• Problem: Please reproduce exactly, and only, the line containing "Apartment Wohnung mit" and every line after it to the end of the records below, leaving out all pictures.

• Stored items:
┌──
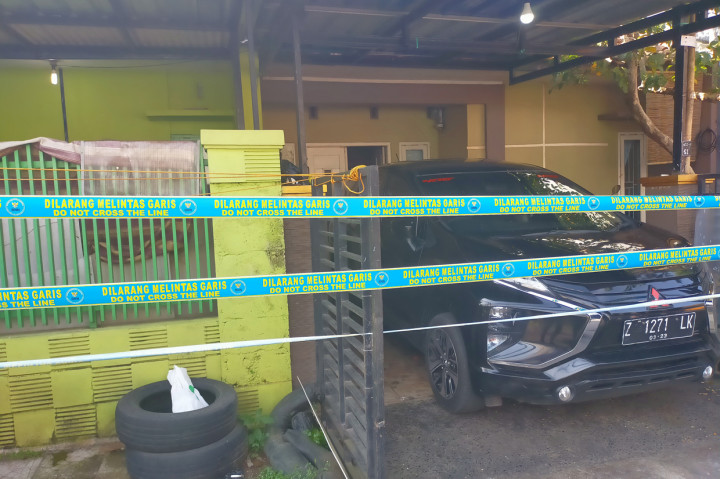 Rumah kontrakan tersebut diduga menjadi pabrik narkoba dan memproduksi pil Y atau Trihexyphenidyl yang termasuk golongan IV narkotika.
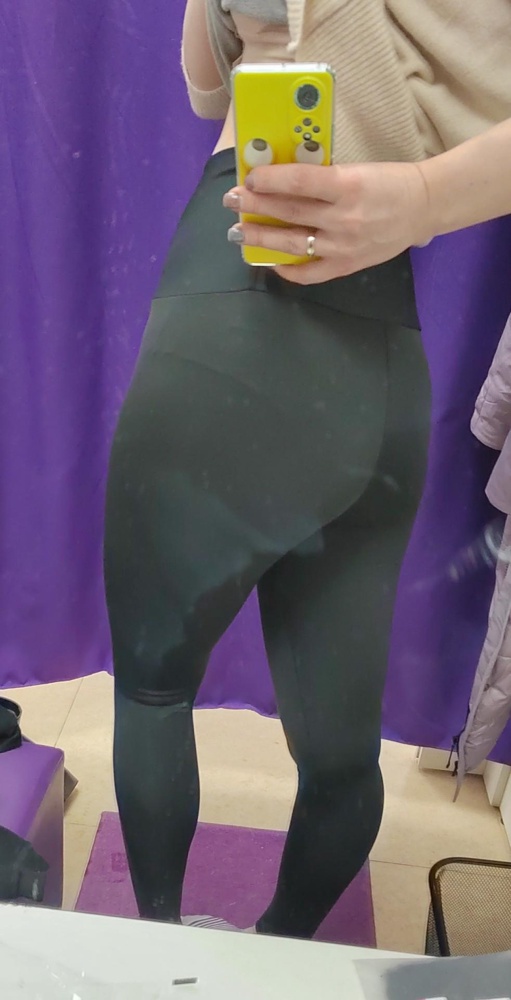 Ткань такая эластичная, не слишком плотные, резинка тоже мне не понравилась, отказ в пользу другой модели из-за длины, на рост 170, лосины слишком короткие. ( на фото разводы, тк грязное зеркало)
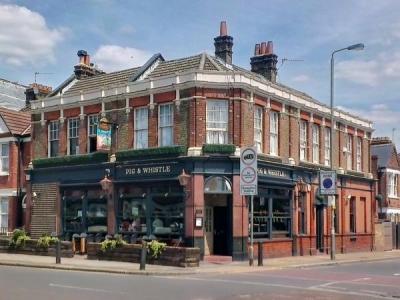 Pig & Whistle, SW18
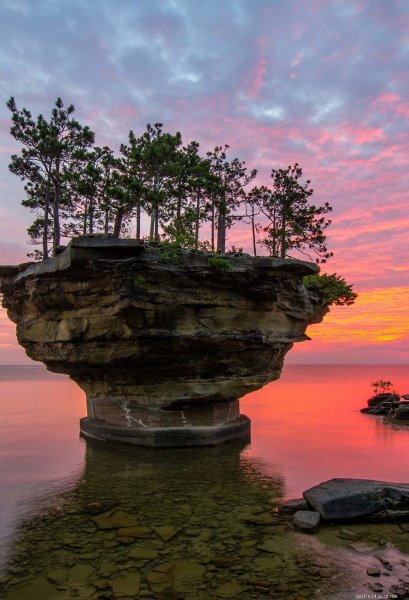 Turnip Rock (Skala Repa)-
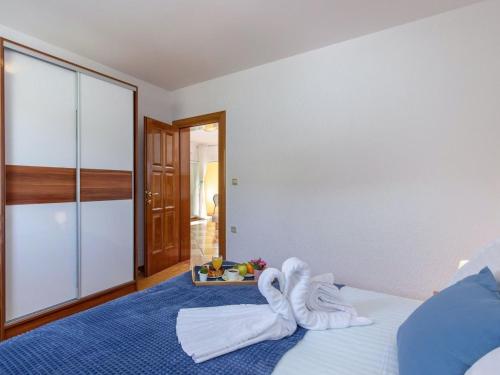 Apartment Wohnung mit Terrasse und Meerblick by Interhome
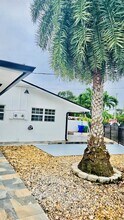 3182 SW 25th Ter in Miami, FL - Building Photo - Building Photo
└──
• The completed task:
 Apartment Wohnung mit Terrasse und Meerblick by Interhome
 3182 SW 25th Ter in Miami, FL - Building Photo - Building Photo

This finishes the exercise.